**The problem**
Give the whole listing below once more, exactly, without pictures.

- - -

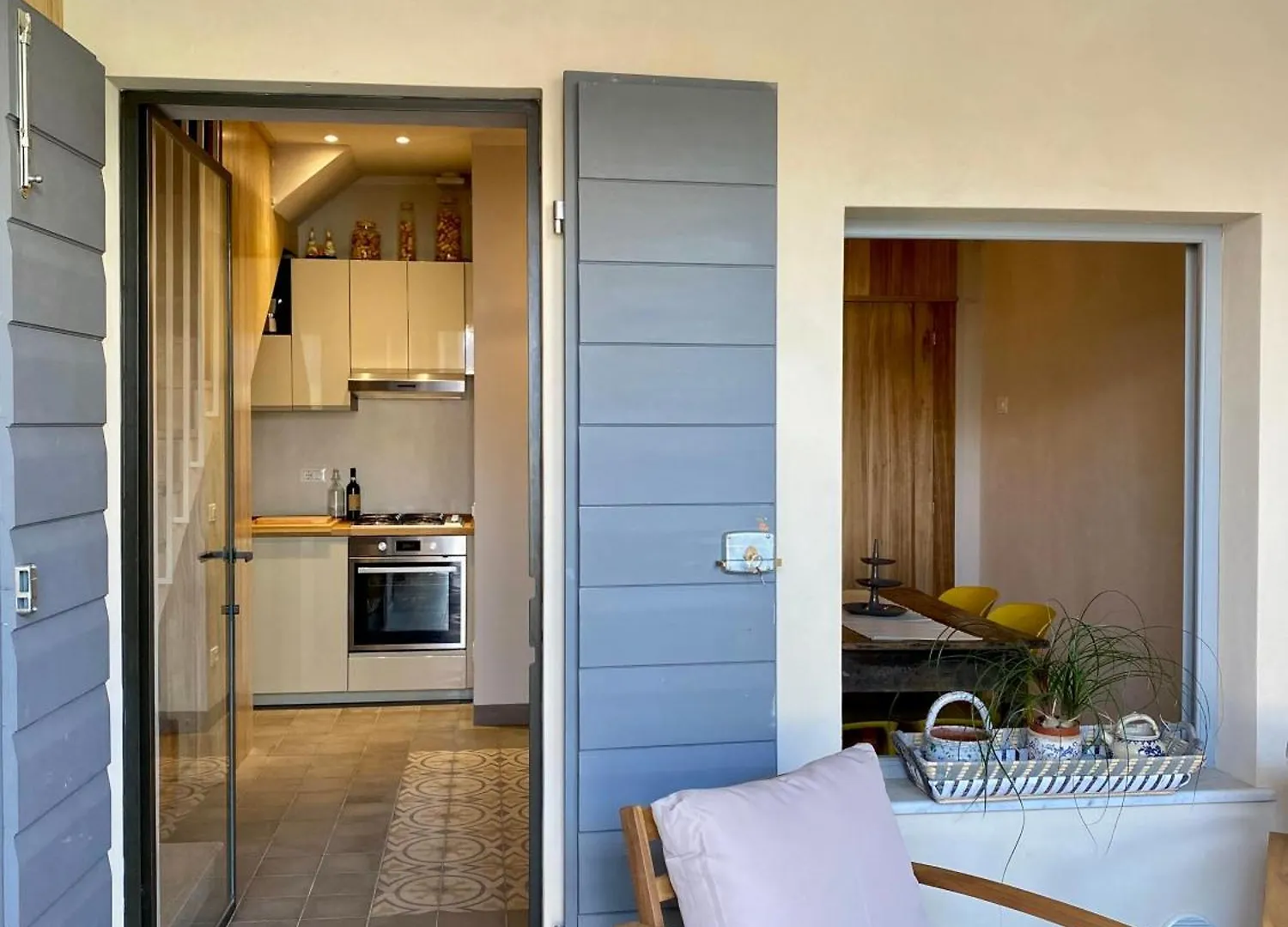 Holiday home A 5 Min Dal Mare, Casa Di Recente Ristrutturazione Torre del Lago Puccini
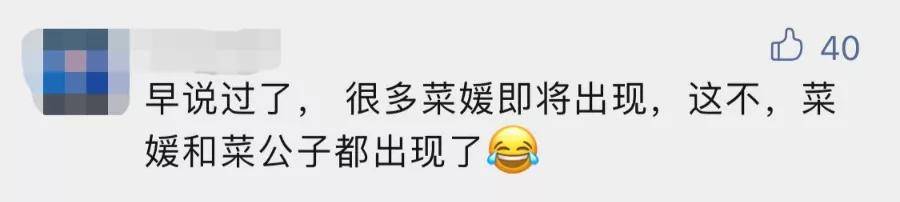 芹菜Prada在上海开起菜市场，女子凹造型拍照后把新买的菜扔掉！网友：菜媛出现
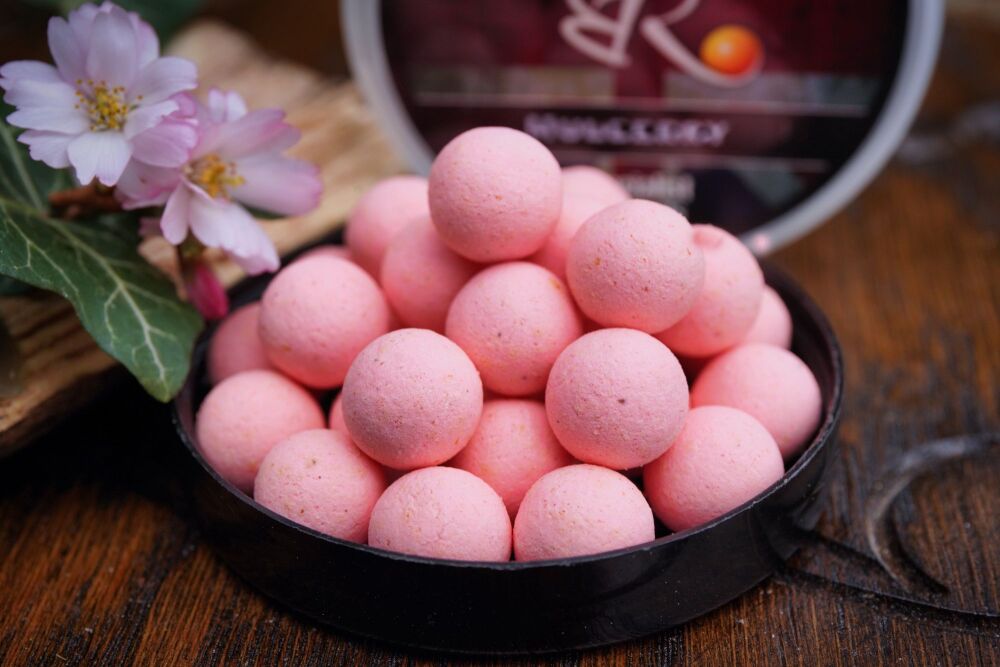 Butter Peach - 13mm Pop Ups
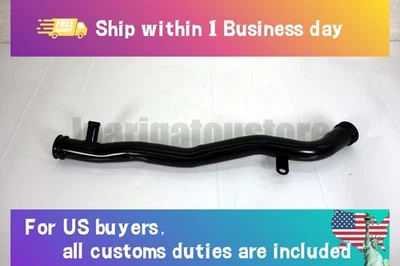 Honda Genuine 19505‑PT3‑A00 Connecting Pipe (Coolant) Accord/Prelude 90–96 - Image 1 of 4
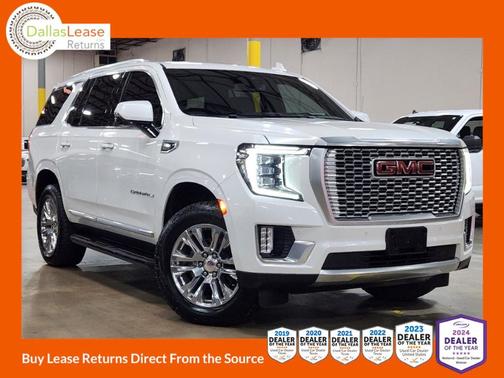 2021 GMC Yukon Denali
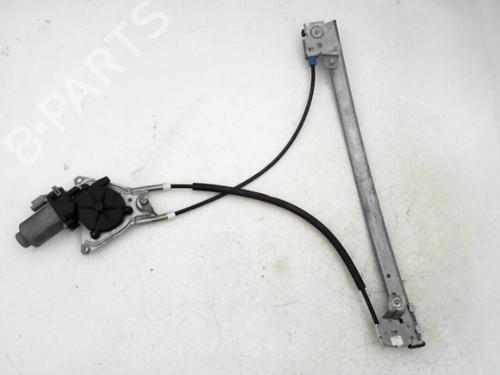 Used Front left window mechanism CITROËN SAXO (S0, S1) 1.1 X, SX (60 hp) 24778209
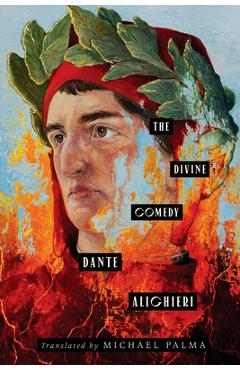 Coperta cărții 'Divine Comedy - Dante Alighieri'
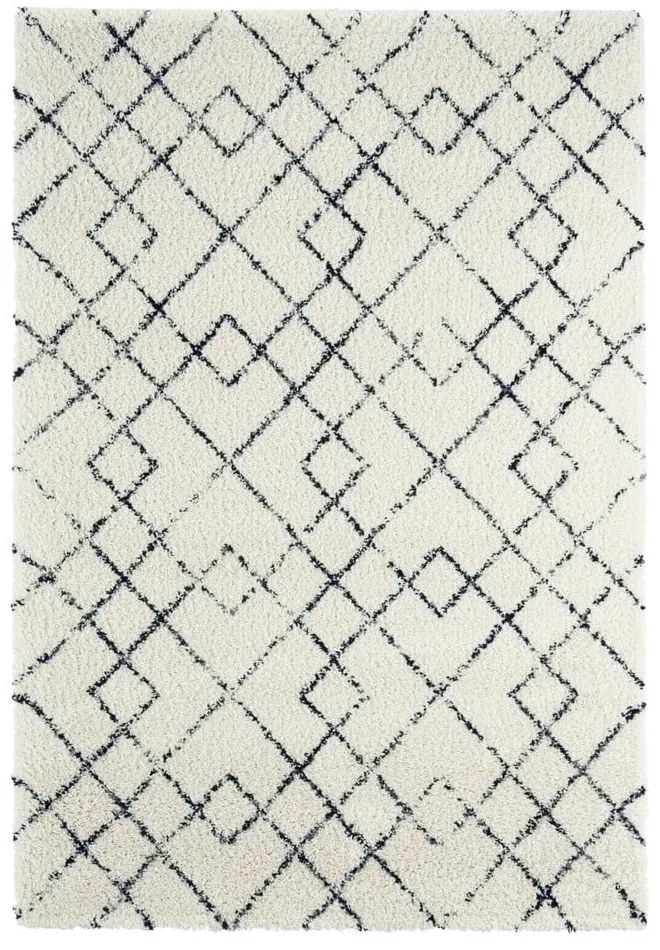 Kremowy dywan Mint Rugs Archer, 120x170 cm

- - -

**Written answer**
 Holiday home A 5 Min Dal Mare, Casa Di Recente Ristrutturazione Torre del Lago Puccini
 芹菜Prada在上海开起菜市场，女子凹造型拍照后把新买的菜扔掉！网友：菜媛出现
 Butter Peach - 13mm Pop Ups
 Honda Genuine 19505‑PT3‑A00 Connecting Pipe (Coolant) Accord/Prelude 90–96 - Image 1 of 4
 2021 GMC Yukon Denali
 Used Front left window mechanism CITROËN SAXO (S0, S1) 1.1 X, SX (60 hp) 24778209
 Coperta cărții 'Divine Comedy - Dante Alighieri'
 Kremowy dywan Mint Rugs Archer, 120x170 cm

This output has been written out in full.